Эльф смутился. Чародей Ардалус, человек, завладев самым совершенным и мощным оружием, не обратил его против своих создателей, хотя мог бы сделать это. В ту давнюю пору легионы Империи людей раз за разом громили войско эльфов, и победа уже была близка. Именно потому разум Перворожденных, предчувствовавших скорую гибель, но страшившихся ее, и рождал самые невероятные идеи. И лучшей из них был замысел Улиара. Однако эльфийский маг погиб, но, словно такова была цена его смерти, удача вскоре отвернулась от людей, и лесные крепости Дивного Народа в тот раз устояли.

  - Между прочим, не известно, от чьей руки пал Улиар, - заметил Рупрехт. - Возможно, его сразил Ардалус, в тот миг действительно жаждавший завладеть Линзой и применить ее против самих эльфов, но я слышал, что ваш чародей мог стать и жертвой своих собратьев. Завершив свое творение, но понял, что ошибся, но кое-кто считал иначе, решив избавиться от сомневающегося.

  - Ложь, - помотал головой Эвиар. - Такого просто не могло быть! - В голосе юного воина слышалось искреннее возмущение: - Никогда эльф не погибал от руки эльфа, тем более в тот час, когда на счету каждый боец, каждый маг.
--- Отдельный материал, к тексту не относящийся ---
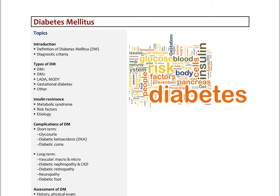This will be the first lecture on diabetes mellitus. We're going to look at the definition of diabetes and the specific diagnostic criteria, then discuss the different types of diabetes: type 1, type 2, a type called LADA and MODY, a little bit about gestational diabetes and some other less common types.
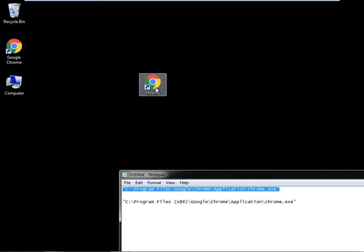Now double-click on the shortcut. It will open the browser in full screen.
  - Как знать, как знать, - усмехнулся человек. - В те времена очень многие пытались спасти мир от катастрофы, вольно или невольно. И Улиар, и Ардалус познав в полной мере возможности Линзы, без принуждения решали, что ей не место на нашей земле. Они видели друг в друге врагов, несомненно, но все их действия оказались подчинены одной цели. И в этом есть знак, что вновь человек и эльф объединились для свершения такой же миссии. И, поверь, если мы не справимся, вскоре не только Альфион, но и весь мир окажется ввергнут в хаос войны. Тот, кто сейчас владеет Линзой, безумен, он жаждет власти, а ее никогда не бывает слишком много.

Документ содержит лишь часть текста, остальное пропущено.